> _How to complete this task_:
From start to end, write out the following data exactly, apart from its images.

> _Stored data_:
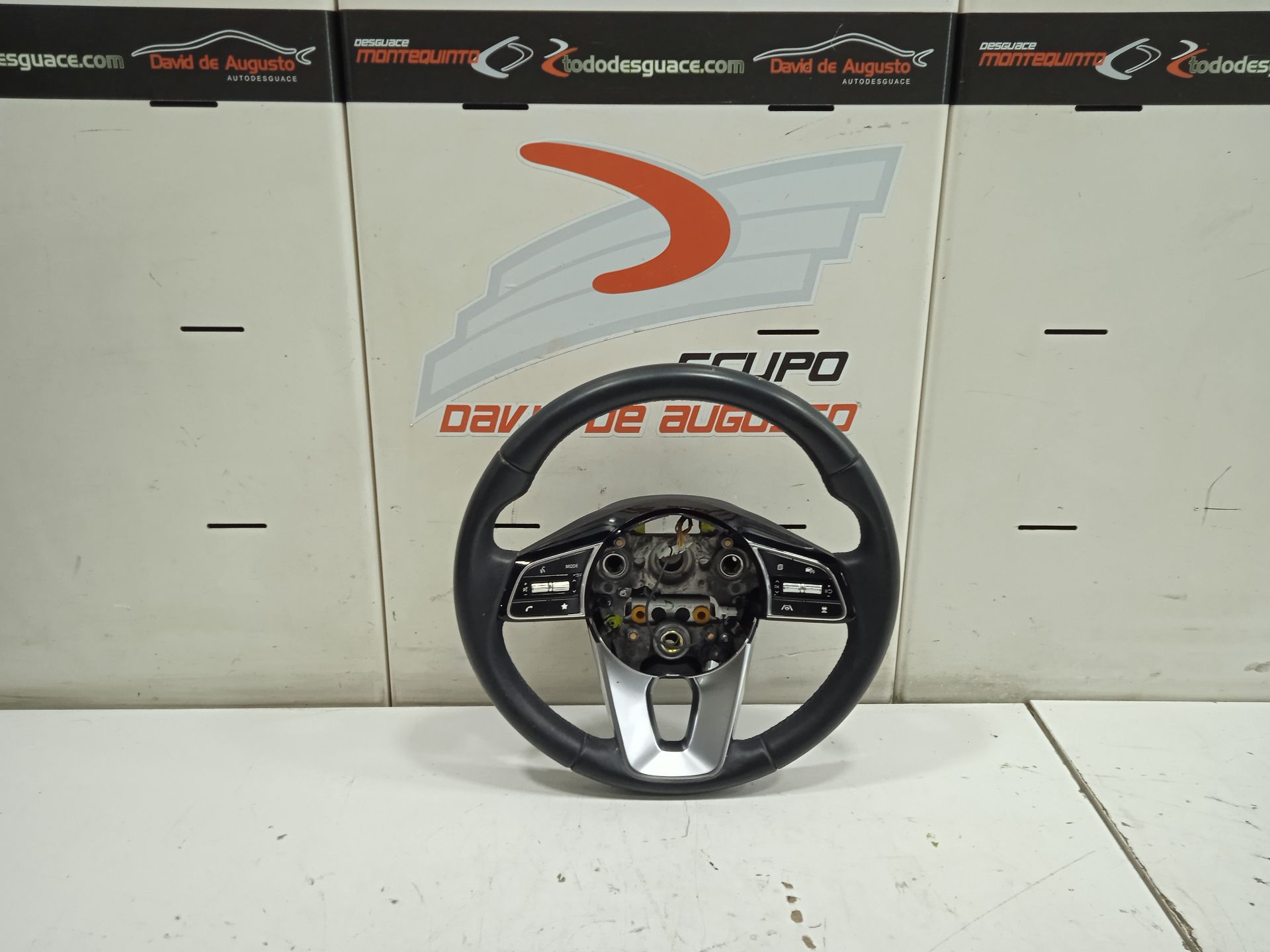 Volante kia xceed tech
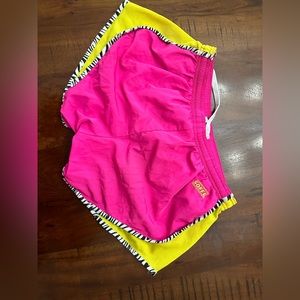 SOFFE shorts size small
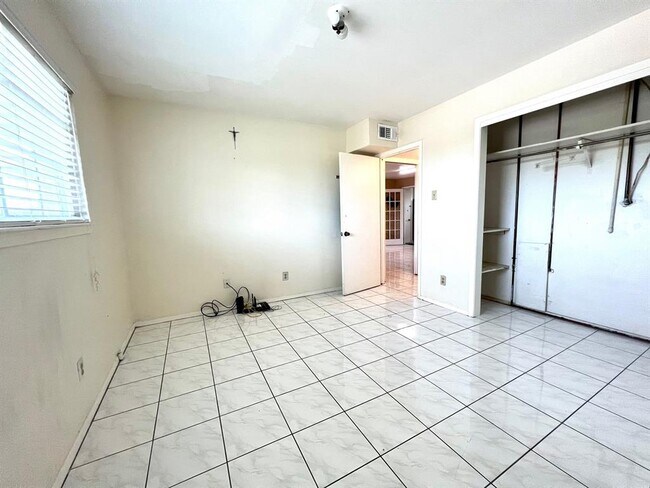 Building Photo - 8001 S Loop E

> _Exercise solution_:
 Volante kia xceed tech
 SOFFE shorts size small
 Building Photo - 8001 S Loop E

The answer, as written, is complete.